Activity: Down to the last line, print the data that follows exactly, without its pictures.

==== The data ====

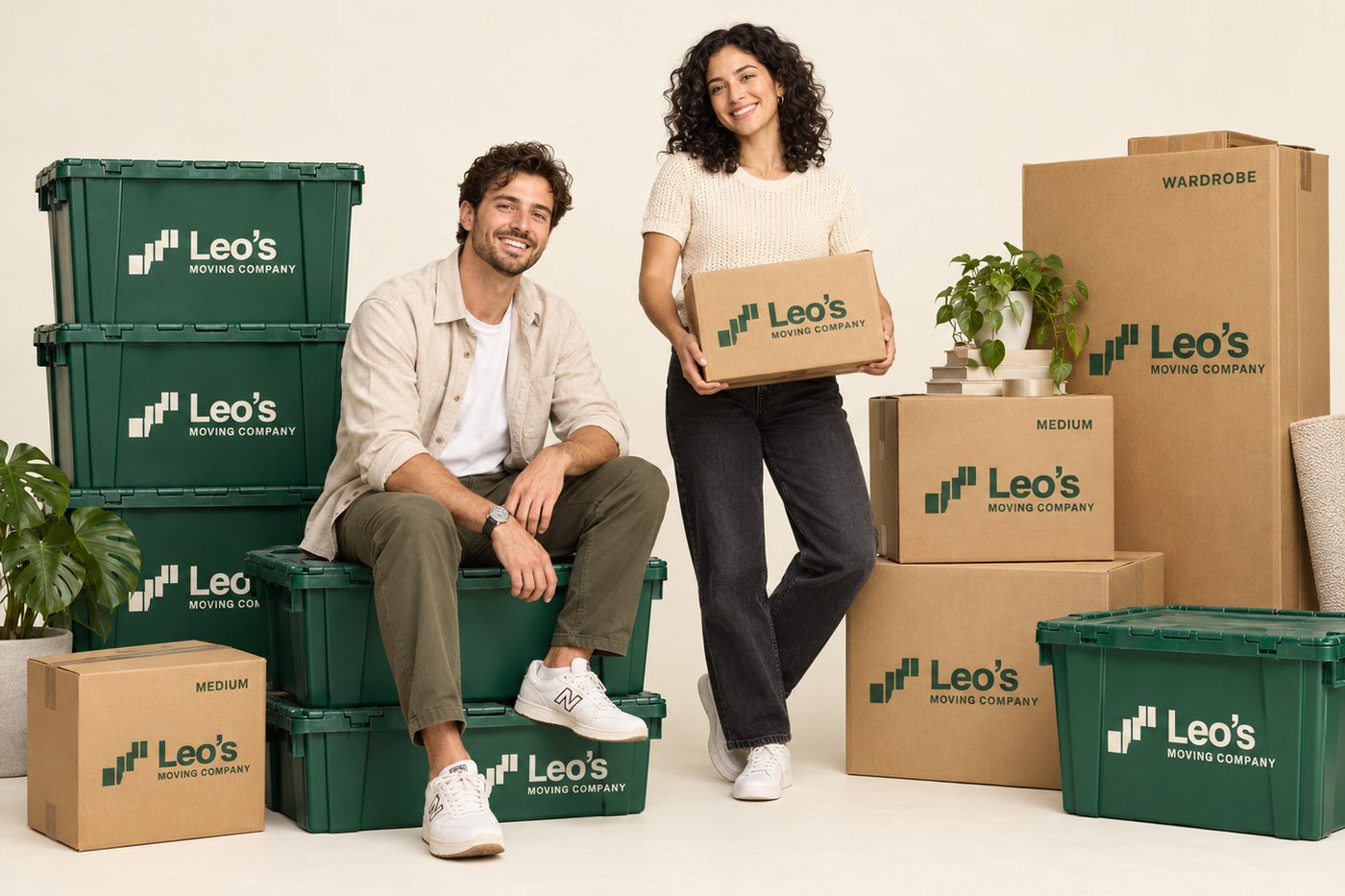 Leo's Moving Company reusable green totes and branded kraft cartons in wardrobe and medium sizes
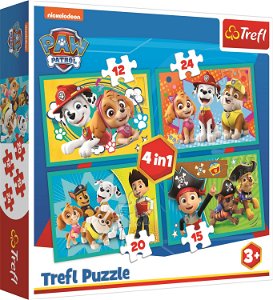 TREFL Puzzle Tlapková patrola Šťastný tým 4v1 (12,15,20,24 dílků) 135478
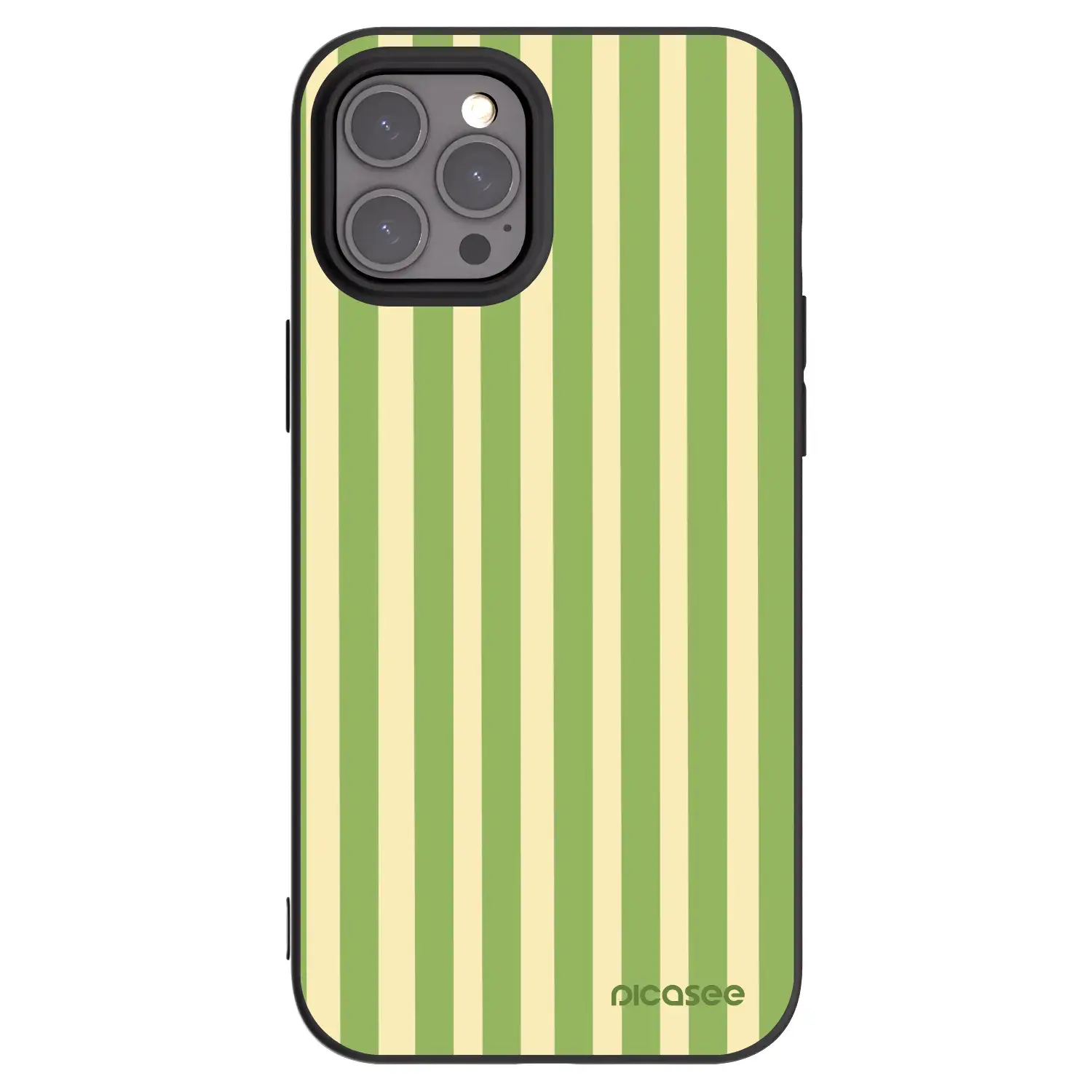 Silikonový černý obal pro Apple iPhone 12 Pro Max - Lines Matcha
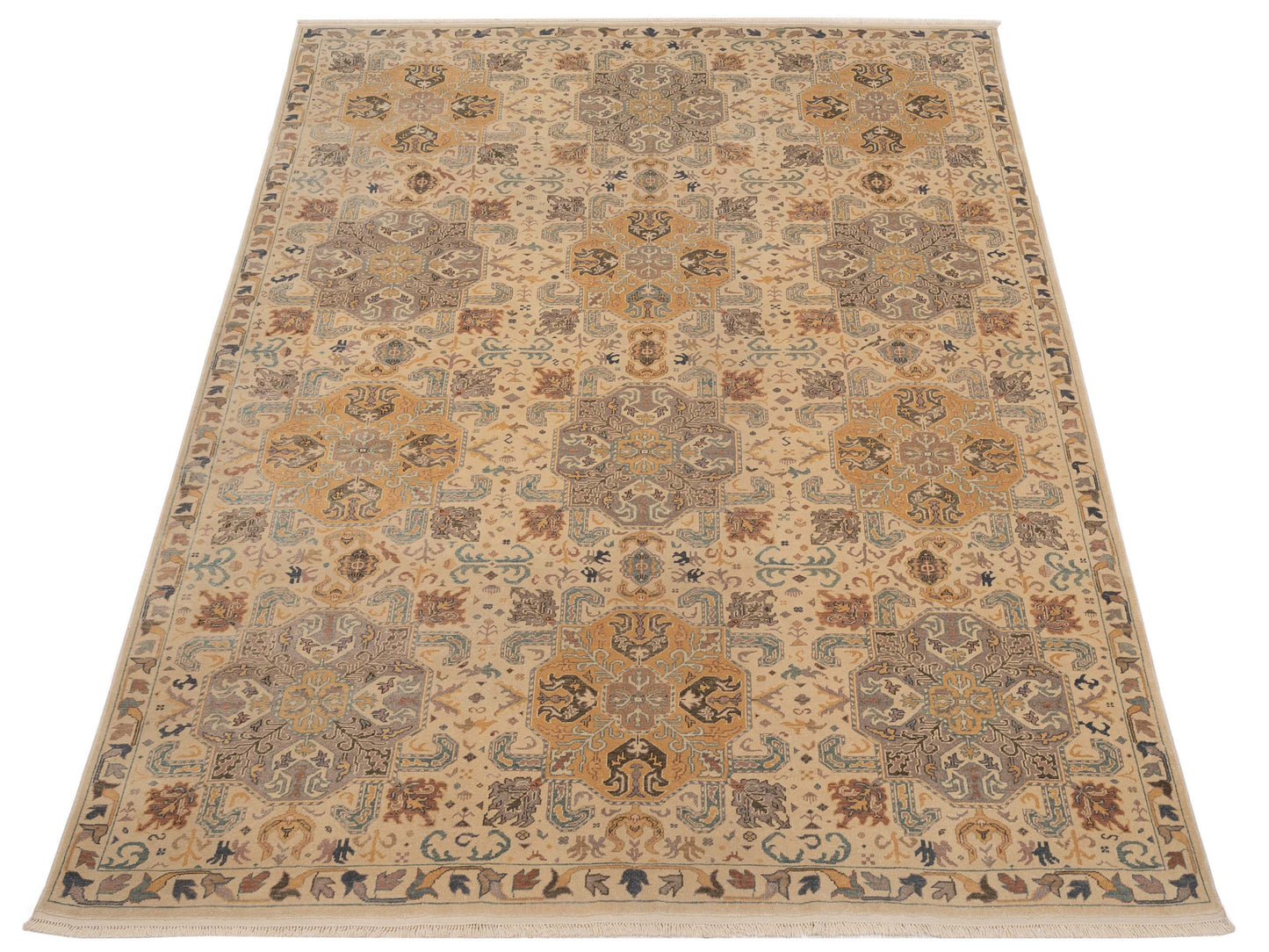 Antique Loom 98161 Ivory 9.1x12.1 Hand Knotted Rug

====

Exercise result:
 Leo's Moving Company reusable green totes and branded kraft cartons in wardrobe and medium sizes
 TREFL Puzzle Tlapková patrola Šťastný tým 4v1 (12,15,20,24 dílků) 135478
 Silikonový černý obal pro Apple iPhone 12 Pro Max - Lines Matcha
 Antique Loom 98161 Ivory 9.1x12.1 Hand Knotted Rug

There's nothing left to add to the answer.